Das Muster wiederholt sich auf jeder Ebene, nur mit anderen Details. Und das zeigt etwas Wichtiges: Das Impostor-Syndrom ist nicht etwas, das man durch mehr Erfolg einfach überwindet. Es passt sich an und findet neue Wege, um dich an dir selbst zweifeln zu lassen. Deshalb braucht es bewusste mentale Arbeit, um aus diesem Muster auszubrechen.
Die Grenzen der Selbstkritik
Bevor wir das Impostor-Syndrom komplett verteufeln: Ein gewisses Maß an Selbstreflexion und kritischer Selbstwahrnehmung ist eigentlich gesund. Die Fähigkeit zu erkennen, was man nicht weiß, ist ein Zeichen von intellektueller Reife. Das Problem entsteht erst, wenn diese Selbstreflexion in destruktive Selbstzweifel kippt und jede Evidenz für die eigene Kompetenz ignoriert wird.

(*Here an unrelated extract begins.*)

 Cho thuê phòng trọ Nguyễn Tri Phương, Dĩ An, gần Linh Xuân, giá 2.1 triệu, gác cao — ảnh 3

Manche Forscherinnen und Forscher argumentieren sogar, dass ein Hauch von Impostor-Gefühlen Menschen motiviert halten kann, sich weiterzuentwickeln und nicht selbstgefällig zu werden. Die Kunst liegt in der Balance: genug Selbstkritik, um wachsam zu bleiben, aber nicht so viel, dass sie lähmend wird.
Was das alles über uns Menschen aussagt
Das Impostor-Syndrom zeigt uns etwas Fundamentales über die menschliche Psyche: Erfolg ist nicht nur eine Frage von Leistung und Anerkennung. Er muss auch innerlich verarbeitet und anerkannt werden. Du kannst alle Auszeichnungen der Welt gewinnen – wenn dein Gehirn diese Erfolge nicht als Beweis für deine Kompetenz akzeptiert, werden sie dich nicht erfüllen.
Die externe Validierung allein reicht nicht. Solange die Diskrepanz zwischen äußerer Anerkennung und innerer Überzeugung besteht, bleiben die Impostor-Gefühle. Deshalb hilft es auch wenig, wenn andere dir sagen, wie toll du bist – dein Gehirn wird Wege finden, diese Komplimente zu entwerten oder umzuinterpretieren.
Die gute Nachricht ist: Gerade weil das Impostor-Syndrom ein mentales Muster ist und keine unveränderliche Realität, kann man daran arbeiten. Es braucht Zeit, Geduld und oft auch Unterstützung, aber es ist möglich, die Art zu verändern, wie man über sich selbst und die eigenen Leistungen denkt. Die Herausforderung besteht darin, Selbstreflexion von destruktiven Selbstzweifeln zu trennen und einen Weg zu finden, sowohl kritisch als auch wohlwollend mit dir selbst umzugehen.
Wenn du dich manchmal wie ein Hochstapler fühlst, der nur Glück hatte, dann bist du in bester Gesellschaft. Die meisten erfolgreichen Menschen kennen dieses Gefühl. Der Unterschied zwischen denen, die davon gelähmt werden, und denen, die trotzdem weitermachen, liegt oft einfach darin, dass letztere erkannt haben: Diese Gefühle sind normal, aber sie sind nicht die Wahrheit. Deine Erfolge sind real. Deine Fähigkeiten sind echt. Und du gehörst genau dorthin, wo du bist – auch wenn dein Gehirn dir manchmal etwas anderes erzählt.